II. STANDARD OF REVIEW
Fed.R.Civ.P. 37(e) provides that the Court may enter a default judgment against a defendant who fails to preserve electronically stored information:
(e) Failure to Preserve Electronically Stored Information. If electronically stored information that should have been preserved in the anticipation or conduct of litigation is lost because a party failed to take reasonable steps to preserve it, and it cannot be restored or replaced through additional discovery, the court:
(1) upon finding prejudice to another party from loss of the information, may order measures no greater than necessary to cure the prejudice; or
(2) only upon finding that the party acted with the intent to deprive another party of the information's use in the litigation may:
(A) presume that the lost information was unfavorable to the party;
(B) instruct the jury that it may or must presume the information was unfavorable to the party; or
(C) dismiss the action or enter a default judgment.
III. DISCUSSION
First, in responding to Plaintiff's discovery requests, Defendant Trombley affirmatively stated that no video evidence from the date in question exists. Whether or not Plaintiff likes it, that is Trombley's answer. More to the point, Trombley cannot produce what is not within his lawful custody and control, and any video evidence, even if it exists, would be in the custody of the MDOC, not Trombley. Nor would Trombley have the authority to order video evidence preserved.

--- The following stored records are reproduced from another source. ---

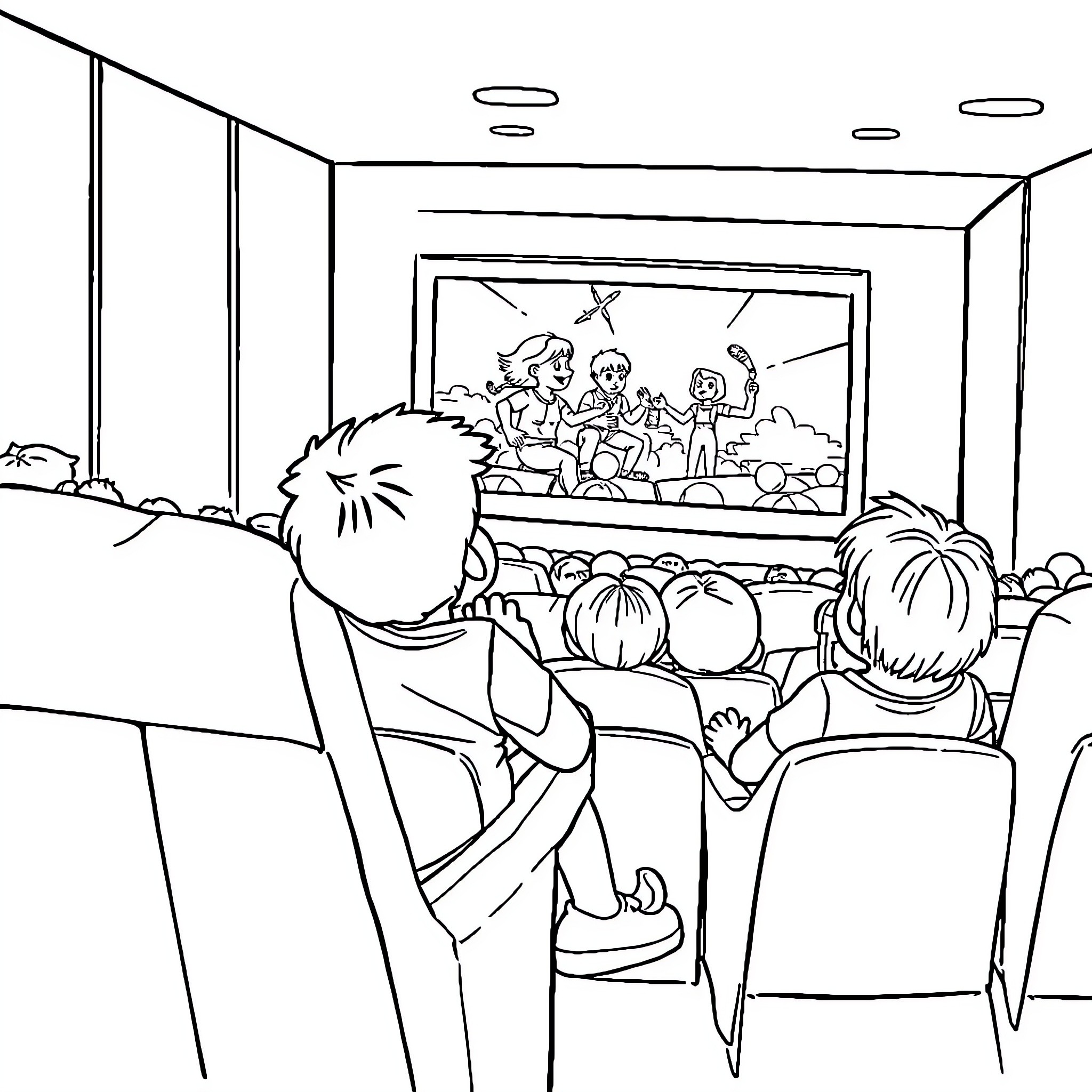 Niños watching performance on stage Coloring Page (free black-and-white line drawing printable PDF for all, from beginners to advanced learners, including children, teens, adults, and seniors)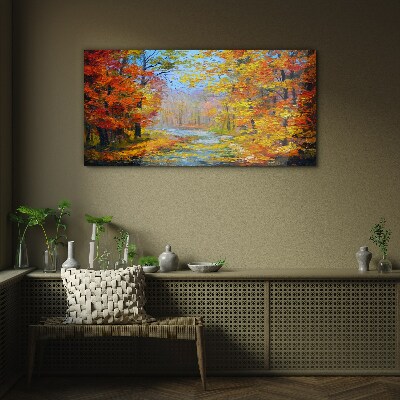 Glasbild Herbstlandschaft im Wald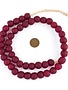 Deep Red Recycled Glass Beads, 14 mm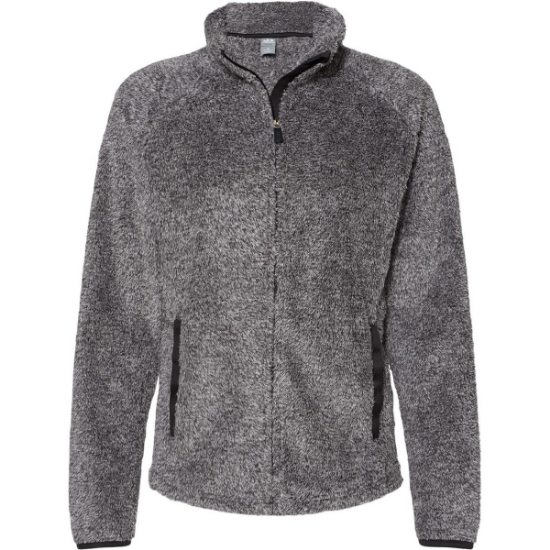 Custom Womens Boundary Shag Frosty Sherpa Full-Zip Black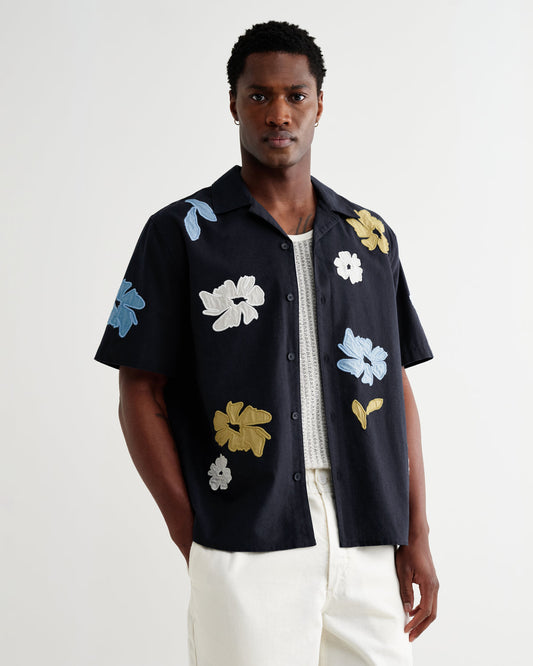 Didcot Floral Applique Short-Sleeve Shirt - Navy / Multicolour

Therefore, Plaintiff has not met the Rule 37(e) requirement that to obtain a default judgment, it must be shown that this Defendant lost or failed to preserve the video evidence. Her motion must therefore be denied.
IV. CONCLUSION
I recommend that Plaintiff's motion for default judgment [ECF No. 90] be DENIED.
Any objections to this Report and Recommendation must be filed within fourteen (14) days of service of a copy hereof as provided for in 28 U.S.C. §636(b)(1) and E.D. Mich. LR 72.1(d)(2). Failure to file specific objections constitutes a waiver of any further right of appeal. Thomas v. Arn, 474 U.S. 140, 106 S.Ct. 466, 88 L.Ed.2d 435 (1985); Howard v. Secretary of HHS, 932 F.2d 505 (6th Cir. 1991); United States v. Walters, 638 F.2d 947 (6th Cir. 1981). Filing of objections which raise some issues but fail to raise others with specificity will not preserve all the objections a party might have to this Report and Recommendation. Willis v. Secretary of HHS, 931 F.2d 390, 401 (6th Cir. 1991); Smith v. Detroit Fed'n of Teachers Local 231, 829 F.2d 1370, 1373 (6th Cir. 1987).
Within fourteen (14) days of service of any objecting party's timely filed objections, the opposing party may file a response. The response shall be not more than twenty (20) pages in length unless by motion and order such page limit is extended by the court. The response shall address specifically, and in the same order raised, each issue contained within the objections.